Forecasting Is Not Predicting
Scientists draw a sharp line between earthquake prediction and earthquake forecasting. Prediction means specifying the location, time, and magnitude of a future earthquake with enough precision to act on. Forecasting means estimating the probability that an earthquake of a certain size will occur in a given region over a span of years or decades. Forecasting works reasonably well. The USGS can say, for instance, that there is a high probability of a major earthquake along the southern San Andreas Fault in the next 30 years. That information shapes building codes, insurance rates, and emergency planning.
But a 30-year window doesn’t help you decide whether to go to work tomorrow. Short-term deterministic prediction, the kind people actually want, remains out of reach and may be fundamentally impossible. The system is what physicists call chaotic: tiny, unmeasurable differences in starting conditions can lead to completely different outcomes. Even if you could map every square centimeter of a fault and measure every variable, the math of rupture propagation might still not allow a precise prediction.
Early Warning Is Not the Same as Prediction
Systems like ShakeAlert in the western United States can detect an earthquake within seconds of it starting and send alerts to people farther from the epicenter before the shaking reaches them. Warning times typically range from a few seconds to tens of seconds, with the longest possible alerts of 50 to 80 seconds available in the Pacific Northwest for users far from the source. These systems save lives by giving people time to drop and take cover, and they can trigger automated responses like slowing trains and opening firehouse doors.
But early warning is fundamentally reactive. It detects shaking that has already begun and races the slower, more damaging waves to your location. It cannot tell you an earthquake is coming before it starts. The USGS states this plainly: ShakeAlert cannot predict earthquakes.

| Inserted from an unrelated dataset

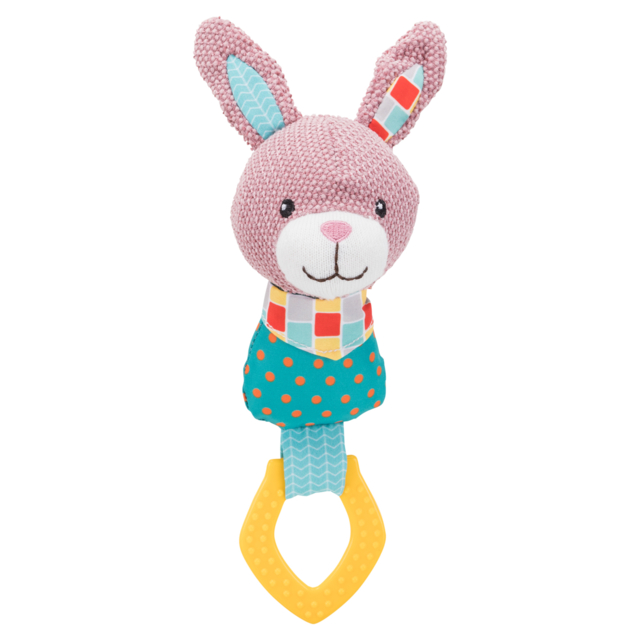 Трикси Игрушка Кролик с кольцом Junior с пищалкой, 23 см, полиэстер, Trixie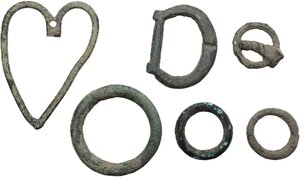 obverse: Miscellanea. Lot of six (6) various bronze items, including three rings and part of a brooch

The stakes of getting this wrong are real. In late 2025, a false ShakeAlert notification was sent to cellphones hundreds of miles from a supposed epicenter in Nevada, prompting public alarm and a congressional inquiry. A similar false alarm two years earlier jolted users awake at 3:19 a.m., seven hours ahead of schedule for what was supposed to be a publicized test. These incidents erode public trust in the one earthquake system that actually works, illustrating why scientists are cautious about issuing any alert without high confidence behind it.
The Core Problem
Earthquake prediction isn’t hard in the way that, say, building a faster computer chip is hard. It may be hard in the way that predicting exactly which snowflake will trigger an avalanche is hard: the answer might not exist at the level of precision we want. Faults are buried kilometers underground, inaccessible to direct observation. The forces involved operate over areas of hundreds or thousands of square kilometers. The transition from a locked fault to a rupturing one happens in a process that is nearly silent until the moment it isn’t. And the statistical behavior of earthquakes means that every small tremor looks like every other small tremor until, rarely and without clear warning, one of them grows into something catastrophic.
What science can offer is a clear picture of which regions are at risk, how strong the shaking could be, and how to build structures and systems that survive it. Prediction may never come. Preparedness already works.